What you are asked to do ->
Copy the first line of the entries below and every line after it through the line containing "T-shirt Mentalement, je". Do not include pictures.

(Pictures with short captions)

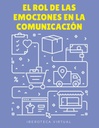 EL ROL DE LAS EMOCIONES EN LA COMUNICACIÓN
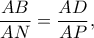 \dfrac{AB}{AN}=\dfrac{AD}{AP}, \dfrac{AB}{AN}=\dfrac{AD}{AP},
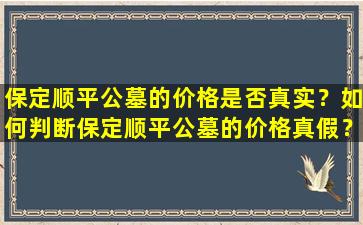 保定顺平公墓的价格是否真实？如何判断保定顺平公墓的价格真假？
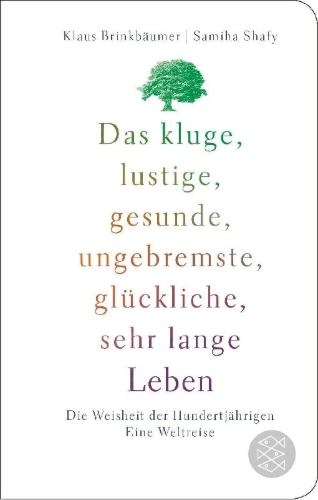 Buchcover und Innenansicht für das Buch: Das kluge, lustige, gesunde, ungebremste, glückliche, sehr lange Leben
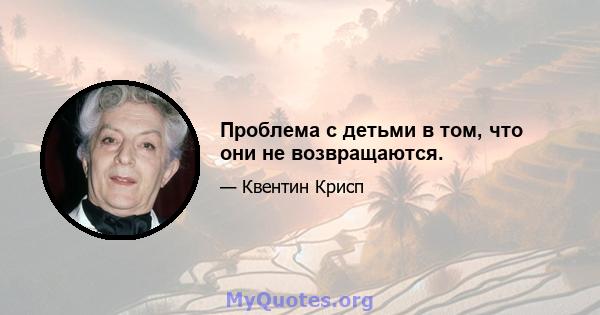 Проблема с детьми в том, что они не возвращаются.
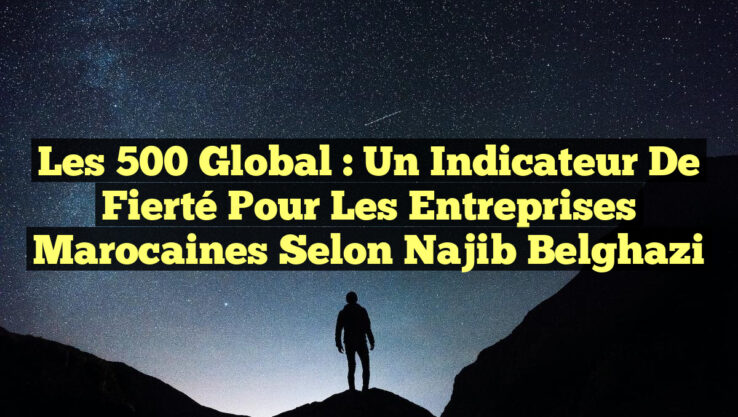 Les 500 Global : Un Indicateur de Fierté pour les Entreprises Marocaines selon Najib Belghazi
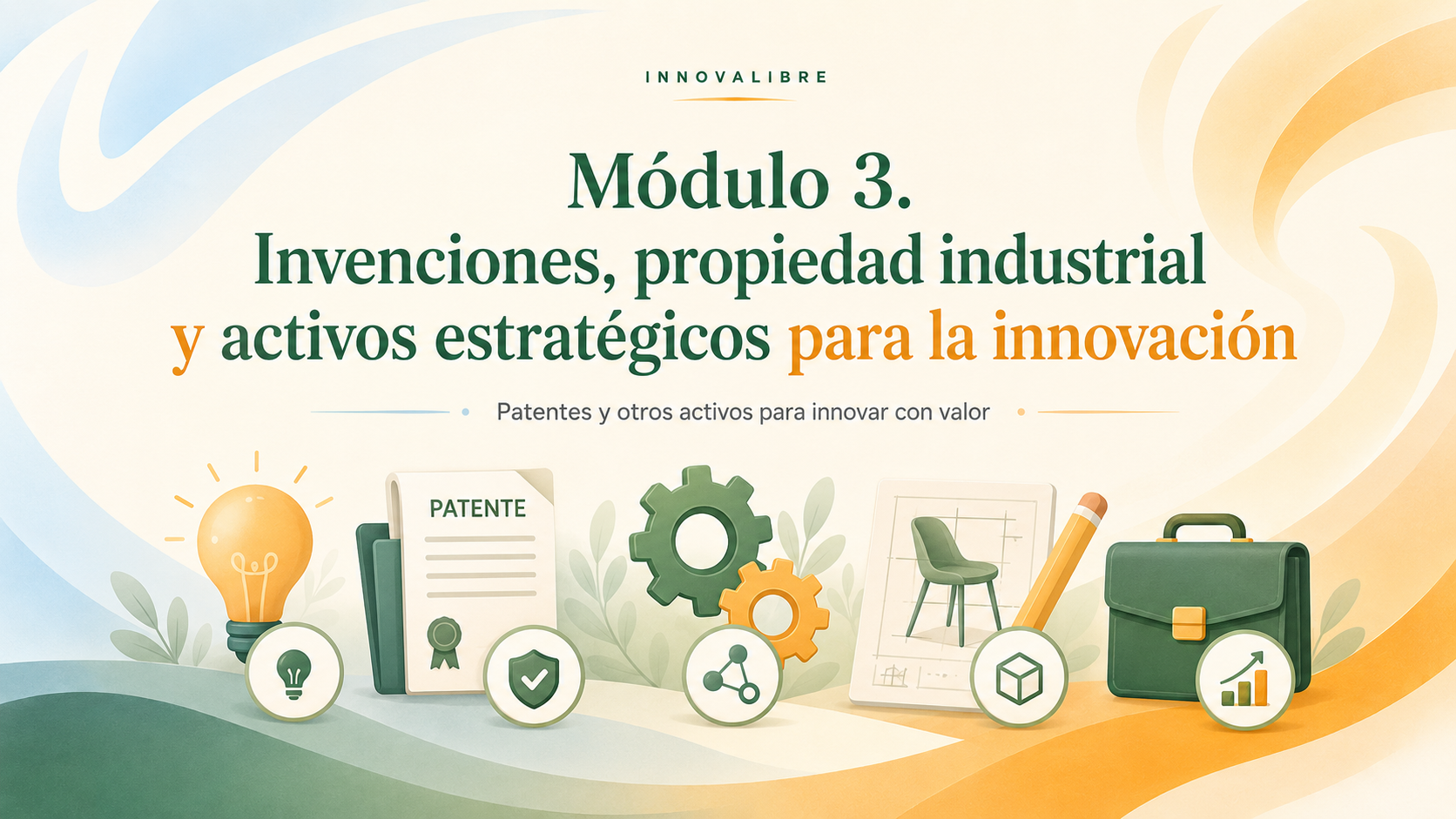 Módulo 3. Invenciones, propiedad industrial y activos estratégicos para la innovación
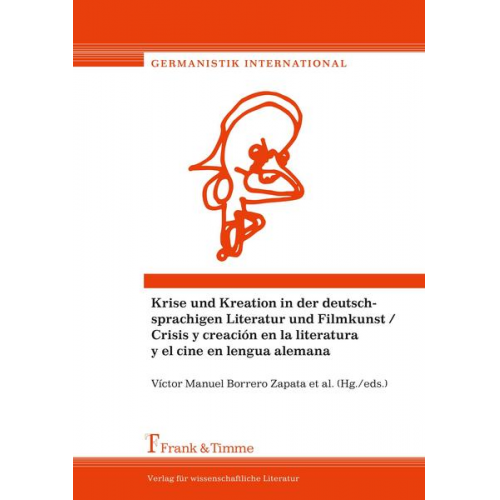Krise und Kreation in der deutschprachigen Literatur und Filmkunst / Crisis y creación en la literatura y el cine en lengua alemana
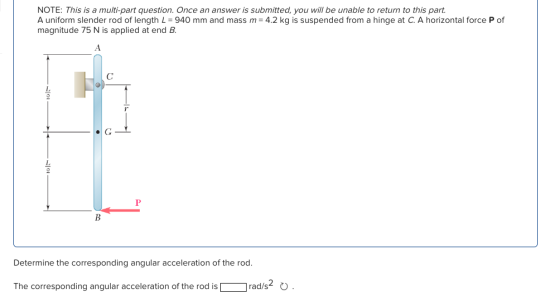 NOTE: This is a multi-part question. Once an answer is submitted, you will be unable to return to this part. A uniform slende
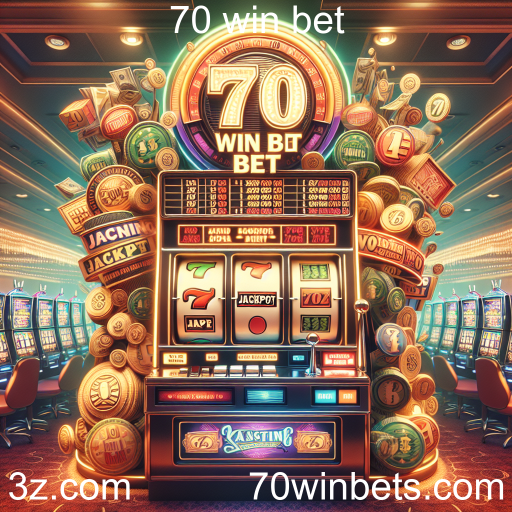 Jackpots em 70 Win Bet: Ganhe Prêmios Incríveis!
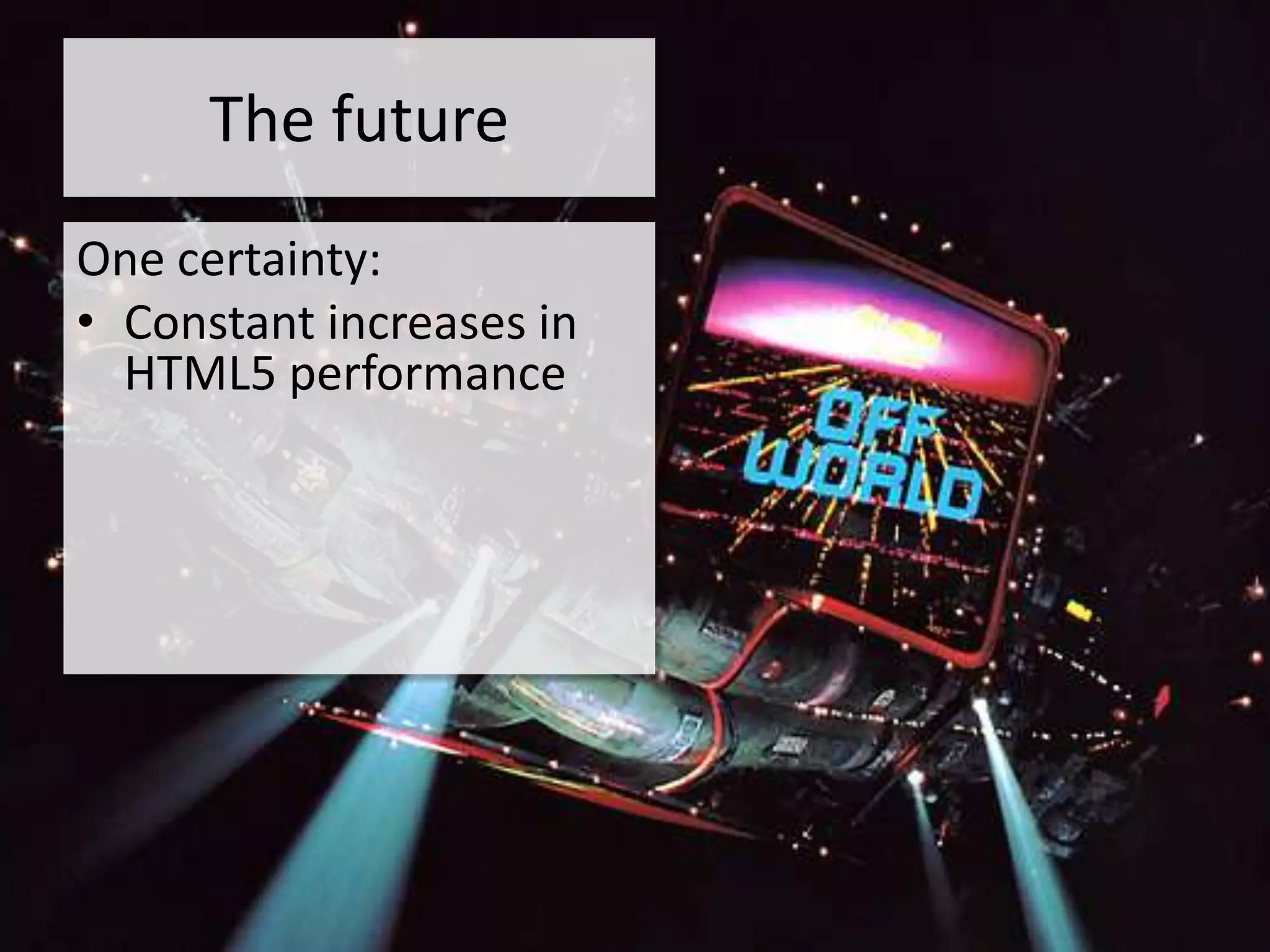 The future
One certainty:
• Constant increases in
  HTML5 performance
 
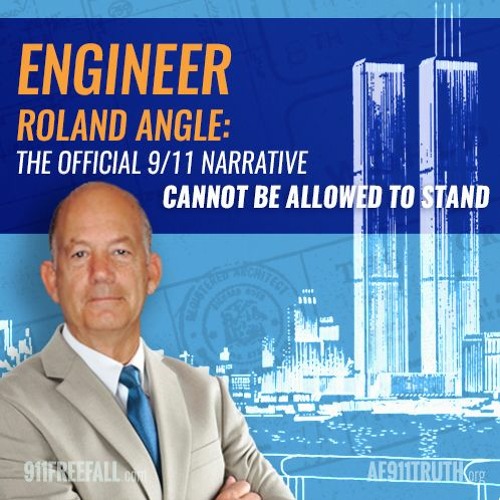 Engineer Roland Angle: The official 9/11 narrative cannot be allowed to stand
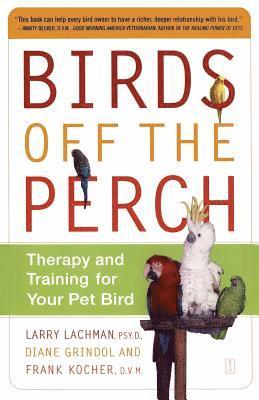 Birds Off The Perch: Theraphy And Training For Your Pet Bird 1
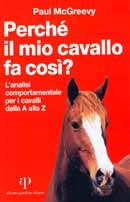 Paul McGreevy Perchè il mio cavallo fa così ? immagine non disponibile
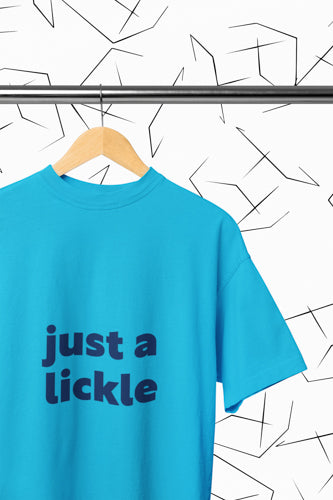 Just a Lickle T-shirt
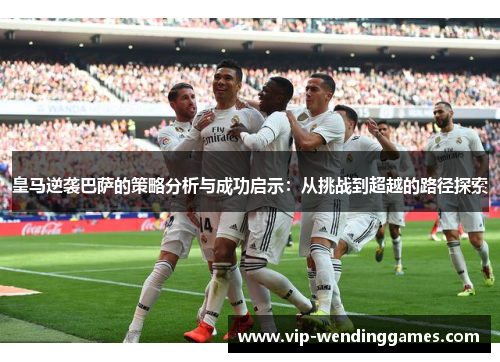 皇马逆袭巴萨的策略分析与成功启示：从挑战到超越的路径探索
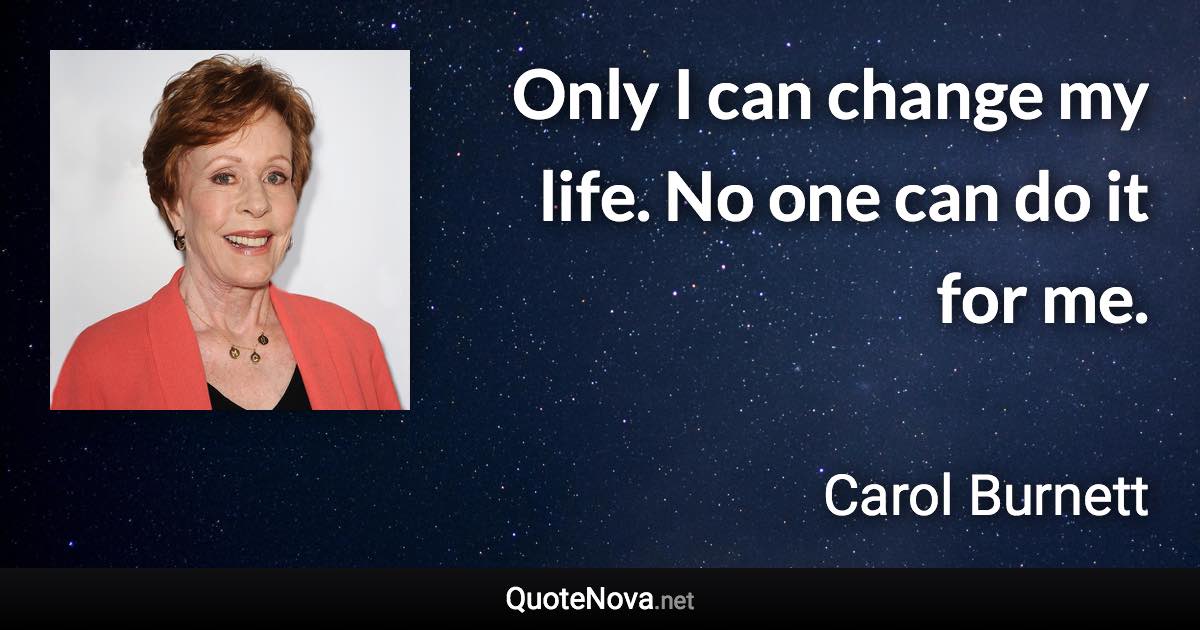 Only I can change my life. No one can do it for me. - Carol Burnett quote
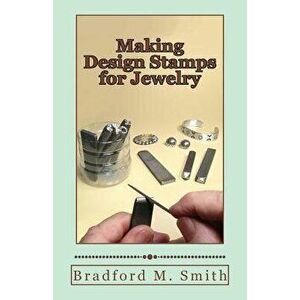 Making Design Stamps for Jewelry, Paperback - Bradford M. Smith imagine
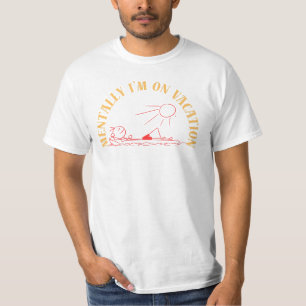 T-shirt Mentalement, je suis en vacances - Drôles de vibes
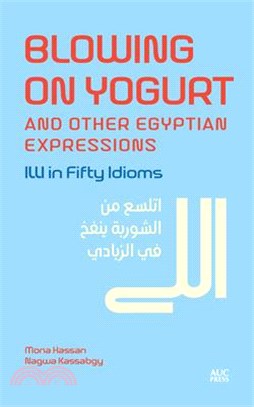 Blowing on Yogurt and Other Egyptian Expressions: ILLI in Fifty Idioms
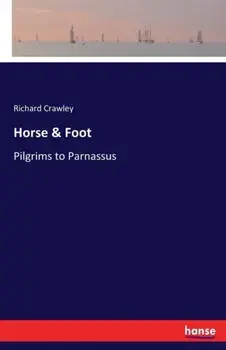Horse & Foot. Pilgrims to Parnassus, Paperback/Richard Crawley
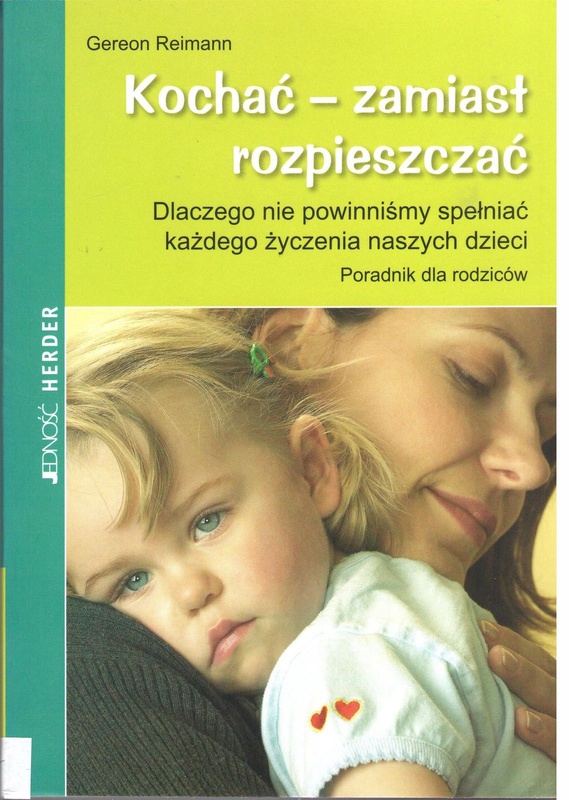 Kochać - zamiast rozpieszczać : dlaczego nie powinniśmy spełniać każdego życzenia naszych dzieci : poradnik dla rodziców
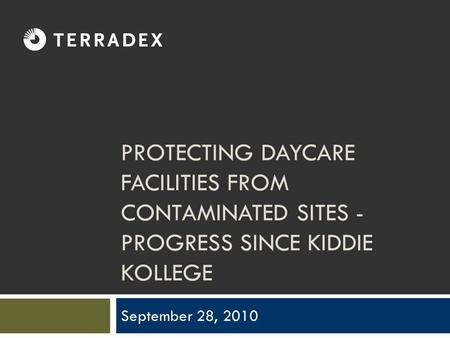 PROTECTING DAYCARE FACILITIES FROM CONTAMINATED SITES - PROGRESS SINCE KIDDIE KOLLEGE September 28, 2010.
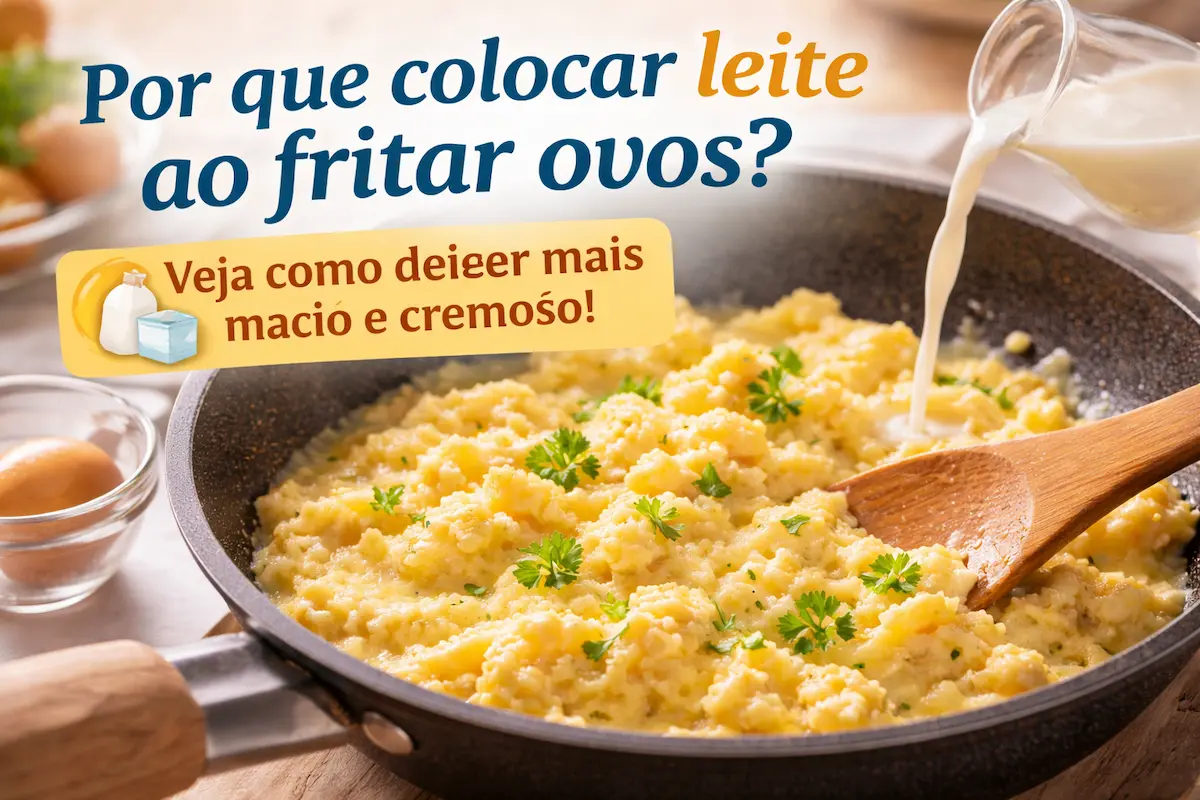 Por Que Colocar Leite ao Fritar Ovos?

Answer to this problem ->
 EL ROL DE LAS EMOCIONES EN LA COMUNICACIÓN
 \dfrac{AB}{AN}=\dfrac{AD}{AP}, \dfrac{AB}{AN}=\dfrac{AD}{AP},
 保定顺平公墓的价格是否真实？如何判断保定顺平公墓的价格真假？
 Buchcover und Innenansicht für das Buch: Das kluge, lustige, gesunde, ungebremste, glückliche, sehr lange Leben
 Проблема с детьми в том, что они не возвращаются.
 Les 500 Global : Un Indicateur de Fierté pour les Entreprises Marocaines selon Najib Belghazi
 Módulo 3. Invenciones, propiedad industrial y activos estratégicos para la innovación
Krise und Kreation in der deutschprachigen Literatur und Filmkunst / Crisis y creación en la literatura y el cine en lengua alemana
 NOTE: This is a multi-part question. Once an answer is submitted, you will be unable to return to this part. A uniform slende
 Jackpots em 70 Win Bet: Ganhe Prêmios Incríveis!
 The future
One certainty:
• Constant increases in
  HTML5 performance
 
 Engineer Roland Angle: The official 9/11 narrative cannot be allowed to stand
 Birds Off The Perch: Theraphy And Training For Your Pet Bird 1
 Paul McGreevy Perchè il mio cavallo fa così ? immagine non disponibile
 Just a Lickle T-shirt
 皇马逆袭巴萨的策略分析与成功启示：从挑战到超越的路径探索
 Only I can change my life. No one can do it for me. - Carol Burnett quote
 Making Design Stamps for Jewelry, Paperback - Bradford M. Smith imagine
 T-shirt Mentalement, je suis en vacances - Drôles de vibes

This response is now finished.